Say it ain’t so, Joe please – The Arsenal Stories

Dans ce nouvel épisode de nos chroniques, on vous emmène dans les années 40. Juste après la Guerre pour être précis. Une époque où la moitié du salaire journalier de Shkodran Mustafi suffisait pour recruter un joueur. Bah tiens s’il ne sait pas quoi foutre, il ne peut pas monter sa propre équipe le teuton ? 

C’est l’histoire d’un mec qui…. s’entraine à Liverpool mais joue pour Arsenal

Oui, oui. Vous avez bien lu. On ne se permettrait pas de juger un tel personnage dans l’histoire d’Arsenal. Un de ceux que l’on voit rarement et laisse leur empreinte dans le club où ils passent. Joe Mercer a laissé une réelle marque chez les Gunners dans les années 40. Une carrière de presque 10 ans avec le club du nord-est de Londres qui le vit prendre sa retraite à 41 ans. Mais surtout une carrière vécue entre deux villes. Et si on avait trouvé l’inspiration de Ledley King ? Le comble pour un joueur de Tottenham de s’inspirer d’une gloire d’Arsenal. En même temps, Sol nous aura permis d’accorder nos violons sur une chose : le poulet sera toujours dans l’ombre du canon. C’est l’histoire de la vie, non ?

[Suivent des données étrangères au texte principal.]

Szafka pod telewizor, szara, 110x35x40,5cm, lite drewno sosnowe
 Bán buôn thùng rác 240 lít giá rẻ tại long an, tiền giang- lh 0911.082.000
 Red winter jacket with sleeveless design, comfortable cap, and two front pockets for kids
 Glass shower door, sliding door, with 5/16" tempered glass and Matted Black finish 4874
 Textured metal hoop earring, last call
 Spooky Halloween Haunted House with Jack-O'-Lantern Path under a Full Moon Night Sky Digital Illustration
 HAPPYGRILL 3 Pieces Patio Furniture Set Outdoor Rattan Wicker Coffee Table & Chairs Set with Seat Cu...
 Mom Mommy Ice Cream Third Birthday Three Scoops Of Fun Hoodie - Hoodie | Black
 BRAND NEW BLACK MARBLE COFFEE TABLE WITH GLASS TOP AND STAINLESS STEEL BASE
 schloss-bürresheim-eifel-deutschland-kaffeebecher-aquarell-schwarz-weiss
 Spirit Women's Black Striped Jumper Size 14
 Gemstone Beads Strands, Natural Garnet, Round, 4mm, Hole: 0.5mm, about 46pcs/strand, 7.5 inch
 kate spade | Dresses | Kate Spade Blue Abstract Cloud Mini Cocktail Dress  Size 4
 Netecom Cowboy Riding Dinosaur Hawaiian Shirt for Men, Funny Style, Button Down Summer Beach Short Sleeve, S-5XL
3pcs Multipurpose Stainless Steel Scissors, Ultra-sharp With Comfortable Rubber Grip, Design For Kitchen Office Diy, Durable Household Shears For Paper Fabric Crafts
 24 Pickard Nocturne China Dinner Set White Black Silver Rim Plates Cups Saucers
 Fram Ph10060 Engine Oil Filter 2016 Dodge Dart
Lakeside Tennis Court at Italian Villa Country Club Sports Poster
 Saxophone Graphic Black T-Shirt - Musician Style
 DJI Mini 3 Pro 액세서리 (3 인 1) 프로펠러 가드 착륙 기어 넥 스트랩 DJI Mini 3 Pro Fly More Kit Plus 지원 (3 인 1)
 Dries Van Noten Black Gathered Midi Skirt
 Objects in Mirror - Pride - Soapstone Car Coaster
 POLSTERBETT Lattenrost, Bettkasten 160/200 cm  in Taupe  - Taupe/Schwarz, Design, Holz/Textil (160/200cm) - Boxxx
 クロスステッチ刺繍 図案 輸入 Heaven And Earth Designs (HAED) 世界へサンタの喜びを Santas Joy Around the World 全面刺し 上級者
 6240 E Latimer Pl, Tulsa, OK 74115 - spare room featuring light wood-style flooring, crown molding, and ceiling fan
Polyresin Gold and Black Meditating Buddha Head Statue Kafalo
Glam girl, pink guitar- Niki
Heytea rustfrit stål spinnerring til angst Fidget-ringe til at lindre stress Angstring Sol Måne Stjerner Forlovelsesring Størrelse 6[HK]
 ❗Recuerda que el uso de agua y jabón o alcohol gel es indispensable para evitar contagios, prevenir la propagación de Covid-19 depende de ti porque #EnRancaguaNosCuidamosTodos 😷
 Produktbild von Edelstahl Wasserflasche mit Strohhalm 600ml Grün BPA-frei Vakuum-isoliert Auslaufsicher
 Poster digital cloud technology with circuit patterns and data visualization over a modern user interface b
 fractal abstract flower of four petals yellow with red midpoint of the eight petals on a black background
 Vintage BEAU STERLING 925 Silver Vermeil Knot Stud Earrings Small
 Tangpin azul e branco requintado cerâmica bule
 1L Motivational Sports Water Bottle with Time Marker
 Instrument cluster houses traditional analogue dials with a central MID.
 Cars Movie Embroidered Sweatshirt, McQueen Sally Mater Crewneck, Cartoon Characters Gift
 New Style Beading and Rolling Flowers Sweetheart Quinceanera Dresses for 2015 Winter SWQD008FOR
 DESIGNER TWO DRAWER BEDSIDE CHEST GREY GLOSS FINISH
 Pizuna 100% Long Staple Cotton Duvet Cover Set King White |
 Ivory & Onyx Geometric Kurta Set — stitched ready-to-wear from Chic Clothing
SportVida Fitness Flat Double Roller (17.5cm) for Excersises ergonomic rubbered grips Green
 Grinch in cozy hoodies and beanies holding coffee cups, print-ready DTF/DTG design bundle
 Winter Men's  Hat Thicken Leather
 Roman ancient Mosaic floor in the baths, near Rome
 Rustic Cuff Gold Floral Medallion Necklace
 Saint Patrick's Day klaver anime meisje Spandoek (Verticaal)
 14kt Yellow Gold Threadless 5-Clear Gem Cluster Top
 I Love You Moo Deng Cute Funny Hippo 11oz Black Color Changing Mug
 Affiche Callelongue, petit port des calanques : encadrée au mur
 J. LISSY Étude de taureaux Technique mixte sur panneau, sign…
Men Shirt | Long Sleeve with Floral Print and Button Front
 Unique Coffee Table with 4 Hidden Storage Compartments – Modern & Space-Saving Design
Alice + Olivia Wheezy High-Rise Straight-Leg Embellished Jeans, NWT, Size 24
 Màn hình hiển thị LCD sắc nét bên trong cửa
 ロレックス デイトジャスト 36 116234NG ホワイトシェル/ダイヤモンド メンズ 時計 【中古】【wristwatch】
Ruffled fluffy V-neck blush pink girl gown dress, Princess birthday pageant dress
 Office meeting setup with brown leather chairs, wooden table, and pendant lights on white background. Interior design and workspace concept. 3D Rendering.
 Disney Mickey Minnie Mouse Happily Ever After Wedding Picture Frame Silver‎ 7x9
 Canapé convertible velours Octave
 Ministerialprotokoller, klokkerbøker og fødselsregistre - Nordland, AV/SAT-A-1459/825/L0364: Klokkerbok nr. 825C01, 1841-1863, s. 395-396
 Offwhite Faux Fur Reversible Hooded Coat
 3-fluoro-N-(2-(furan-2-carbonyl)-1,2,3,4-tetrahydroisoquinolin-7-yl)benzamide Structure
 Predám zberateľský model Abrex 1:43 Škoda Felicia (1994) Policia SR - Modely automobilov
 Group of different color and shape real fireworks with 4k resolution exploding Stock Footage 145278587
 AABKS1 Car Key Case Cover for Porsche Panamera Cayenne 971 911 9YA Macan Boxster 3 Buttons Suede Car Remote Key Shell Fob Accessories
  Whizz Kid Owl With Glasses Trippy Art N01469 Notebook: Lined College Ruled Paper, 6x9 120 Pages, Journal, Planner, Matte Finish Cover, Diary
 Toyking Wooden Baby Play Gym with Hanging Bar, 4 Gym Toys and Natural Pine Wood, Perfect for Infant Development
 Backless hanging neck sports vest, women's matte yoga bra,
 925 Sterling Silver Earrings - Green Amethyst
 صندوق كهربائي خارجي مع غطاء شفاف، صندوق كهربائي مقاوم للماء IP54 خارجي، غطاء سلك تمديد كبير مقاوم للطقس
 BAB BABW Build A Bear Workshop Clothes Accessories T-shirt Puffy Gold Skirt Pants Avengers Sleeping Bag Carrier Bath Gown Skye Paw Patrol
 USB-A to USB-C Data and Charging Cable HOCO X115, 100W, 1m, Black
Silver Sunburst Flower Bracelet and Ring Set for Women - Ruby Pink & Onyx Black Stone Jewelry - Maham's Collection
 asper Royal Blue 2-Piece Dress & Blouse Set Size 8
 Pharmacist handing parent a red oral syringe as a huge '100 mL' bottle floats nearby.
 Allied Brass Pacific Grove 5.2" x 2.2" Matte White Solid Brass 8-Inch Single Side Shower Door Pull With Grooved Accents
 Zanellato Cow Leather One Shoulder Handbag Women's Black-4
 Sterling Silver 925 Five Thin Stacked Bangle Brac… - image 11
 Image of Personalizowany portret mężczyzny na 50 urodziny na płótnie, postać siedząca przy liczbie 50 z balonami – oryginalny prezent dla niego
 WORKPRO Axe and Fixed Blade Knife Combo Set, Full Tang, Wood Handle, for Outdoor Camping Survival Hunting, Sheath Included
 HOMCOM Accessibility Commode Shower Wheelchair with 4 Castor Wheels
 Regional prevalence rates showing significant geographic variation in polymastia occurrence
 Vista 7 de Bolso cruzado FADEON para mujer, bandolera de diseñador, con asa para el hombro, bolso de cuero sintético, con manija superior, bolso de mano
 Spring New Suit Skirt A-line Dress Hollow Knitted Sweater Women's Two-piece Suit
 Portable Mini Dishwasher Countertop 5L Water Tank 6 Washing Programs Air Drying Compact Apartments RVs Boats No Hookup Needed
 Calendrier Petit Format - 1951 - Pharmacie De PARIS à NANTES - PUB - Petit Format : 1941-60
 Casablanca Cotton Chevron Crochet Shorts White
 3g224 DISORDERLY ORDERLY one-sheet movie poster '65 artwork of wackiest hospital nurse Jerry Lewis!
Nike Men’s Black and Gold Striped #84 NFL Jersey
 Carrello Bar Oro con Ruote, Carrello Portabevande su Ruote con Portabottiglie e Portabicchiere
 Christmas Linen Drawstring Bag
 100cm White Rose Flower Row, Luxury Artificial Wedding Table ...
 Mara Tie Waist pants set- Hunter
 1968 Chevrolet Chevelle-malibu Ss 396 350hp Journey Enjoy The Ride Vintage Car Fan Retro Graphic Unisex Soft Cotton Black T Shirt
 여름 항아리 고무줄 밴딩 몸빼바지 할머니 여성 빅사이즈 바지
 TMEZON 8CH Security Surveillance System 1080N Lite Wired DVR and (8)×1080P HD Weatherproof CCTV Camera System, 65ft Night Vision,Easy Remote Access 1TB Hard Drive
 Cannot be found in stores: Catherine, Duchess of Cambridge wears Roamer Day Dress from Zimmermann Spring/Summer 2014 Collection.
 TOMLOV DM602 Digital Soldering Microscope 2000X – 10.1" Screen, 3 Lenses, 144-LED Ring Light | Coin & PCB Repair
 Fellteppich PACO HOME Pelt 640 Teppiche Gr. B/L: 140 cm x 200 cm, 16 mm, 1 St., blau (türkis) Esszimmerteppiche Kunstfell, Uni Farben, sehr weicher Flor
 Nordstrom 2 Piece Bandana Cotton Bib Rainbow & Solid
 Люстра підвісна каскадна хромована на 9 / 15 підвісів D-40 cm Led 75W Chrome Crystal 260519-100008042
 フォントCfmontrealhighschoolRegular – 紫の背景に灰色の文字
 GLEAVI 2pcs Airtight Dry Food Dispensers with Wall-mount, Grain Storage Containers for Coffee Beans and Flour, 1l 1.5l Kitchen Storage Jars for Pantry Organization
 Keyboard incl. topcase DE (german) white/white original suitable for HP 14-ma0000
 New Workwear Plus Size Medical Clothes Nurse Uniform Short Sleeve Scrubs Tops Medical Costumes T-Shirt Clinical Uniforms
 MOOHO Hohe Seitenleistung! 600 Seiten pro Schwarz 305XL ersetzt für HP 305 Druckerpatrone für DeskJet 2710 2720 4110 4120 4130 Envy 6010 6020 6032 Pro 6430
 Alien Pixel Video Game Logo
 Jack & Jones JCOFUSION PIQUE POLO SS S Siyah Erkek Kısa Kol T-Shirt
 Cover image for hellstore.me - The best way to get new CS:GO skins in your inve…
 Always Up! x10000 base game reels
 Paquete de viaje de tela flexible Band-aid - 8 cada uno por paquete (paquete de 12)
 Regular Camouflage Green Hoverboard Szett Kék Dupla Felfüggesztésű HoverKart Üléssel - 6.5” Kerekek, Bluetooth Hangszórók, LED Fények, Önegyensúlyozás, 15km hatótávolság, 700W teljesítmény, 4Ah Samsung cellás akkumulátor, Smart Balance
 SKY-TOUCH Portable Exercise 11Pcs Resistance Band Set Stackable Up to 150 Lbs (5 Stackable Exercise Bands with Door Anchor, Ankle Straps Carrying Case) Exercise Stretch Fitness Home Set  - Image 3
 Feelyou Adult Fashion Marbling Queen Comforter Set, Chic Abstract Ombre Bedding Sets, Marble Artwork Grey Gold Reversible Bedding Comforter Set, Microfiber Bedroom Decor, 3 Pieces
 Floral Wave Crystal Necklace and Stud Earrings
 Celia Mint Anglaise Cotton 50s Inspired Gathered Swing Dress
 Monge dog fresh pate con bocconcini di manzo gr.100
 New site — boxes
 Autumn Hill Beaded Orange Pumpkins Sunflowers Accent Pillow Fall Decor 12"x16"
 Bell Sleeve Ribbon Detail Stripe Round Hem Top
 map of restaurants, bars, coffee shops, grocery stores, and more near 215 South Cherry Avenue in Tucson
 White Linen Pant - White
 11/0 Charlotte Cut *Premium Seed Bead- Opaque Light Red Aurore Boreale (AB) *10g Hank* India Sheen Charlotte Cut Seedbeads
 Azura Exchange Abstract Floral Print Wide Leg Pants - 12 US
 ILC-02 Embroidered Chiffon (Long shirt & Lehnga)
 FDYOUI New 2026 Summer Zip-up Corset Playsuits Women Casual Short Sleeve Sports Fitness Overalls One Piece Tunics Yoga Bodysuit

Au sortir des années 30, Arsenal est le plus grand club d’Angleterre, et l’un des plus grands d’Europe également. Herbert Chapman, ça vous dit quelque chose ? Mort en 1934, le tacticien anglais marqua de son intelligence et de son ingéniosité le monde du football en proposant une révolution dont l’héritage se poursuit aujourd’hui. Et après lui, c’est George Allison qui prend le flambeau et perpétue ces traditions d’un football aussi dur que créatif. Wilf Copping, ça vous dit quelque chose ? Un dernier titre en poche en 1938, la guerre éclatant, le football en Angleterre est mis entre parenthèses entre 1939 et 1946. Ainsi, après un dernier titre remporté par Everton lors de la saison 1938/1939, le football anglais reprend ses droits en 1946/1947, une saison qui voit triompher les Reds de Liverpool.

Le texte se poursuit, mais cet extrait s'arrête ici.